++++ Supplied material
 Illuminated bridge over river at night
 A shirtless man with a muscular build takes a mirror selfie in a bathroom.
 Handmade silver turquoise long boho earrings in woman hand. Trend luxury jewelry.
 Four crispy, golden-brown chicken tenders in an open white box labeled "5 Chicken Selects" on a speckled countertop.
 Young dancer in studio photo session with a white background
++++++++
++++ Supplied material
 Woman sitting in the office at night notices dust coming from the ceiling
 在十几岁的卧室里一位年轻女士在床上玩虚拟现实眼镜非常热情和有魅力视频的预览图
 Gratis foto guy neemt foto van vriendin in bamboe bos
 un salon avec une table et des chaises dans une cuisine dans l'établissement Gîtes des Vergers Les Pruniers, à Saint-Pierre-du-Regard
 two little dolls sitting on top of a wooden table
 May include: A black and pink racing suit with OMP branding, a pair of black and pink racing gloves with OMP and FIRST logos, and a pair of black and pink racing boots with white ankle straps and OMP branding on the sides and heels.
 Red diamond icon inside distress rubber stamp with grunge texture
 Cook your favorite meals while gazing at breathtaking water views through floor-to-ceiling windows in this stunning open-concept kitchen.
++++++++
++++ Supplied material
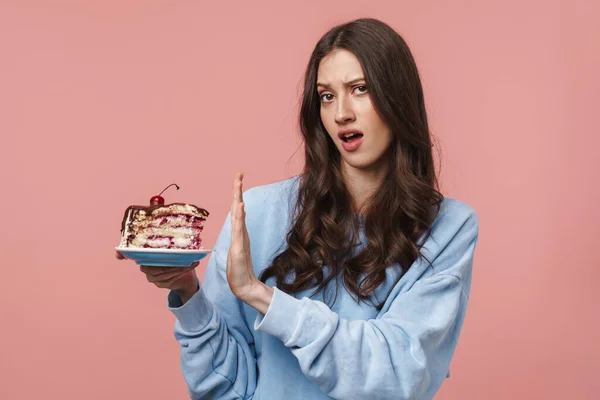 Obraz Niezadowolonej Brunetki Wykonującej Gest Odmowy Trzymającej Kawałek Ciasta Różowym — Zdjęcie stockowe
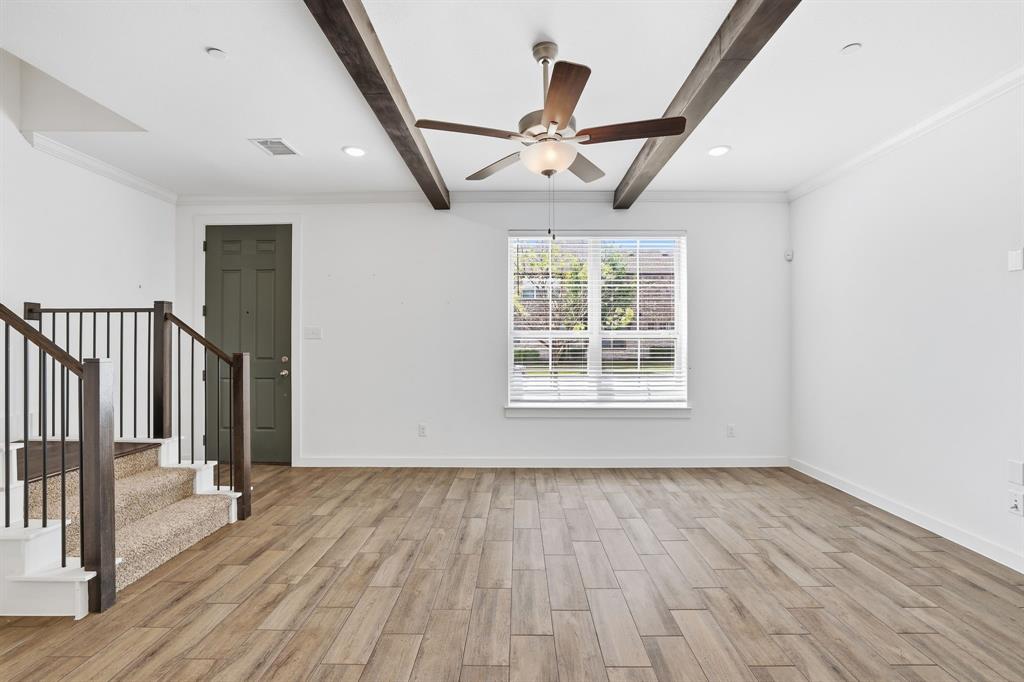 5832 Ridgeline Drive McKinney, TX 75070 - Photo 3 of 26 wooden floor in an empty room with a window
++++++++
== Problem statement ==
Taking the entries above, write out exactly each line from the one holding "在十几岁的卧室里一位年轻女士在床上玩虚拟现实眼镜非常热情和有魅力视频的预览图" to the one holding "Cook your favorite", both included, and stop there.

== Response to the task ==
 在十几岁的卧室里一位年轻女士在床上玩虚拟现实眼镜非常热情和有魅力视频的预览图
 Gratis foto guy neemt foto van vriendin in bamboe bos
 un salon avec une table et des chaises dans une cuisine dans l'établissement Gîtes des Vergers Les Pruniers, à Saint-Pierre-du-Regard
 two little dolls sitting on top of a wooden table
 May include: A black and pink racing suit with OMP branding, a pair of black and pink racing gloves with OMP and FIRST logos, and a pair of black and pink racing boots with white ankle straps and OMP branding on the sides and heels.
 Red diamond icon inside distress rubber stamp with grunge texture
 Cook your favorite meals while gazing at breathtaking water views through floor-to-ceiling windows in this stunning open-concept kitchen.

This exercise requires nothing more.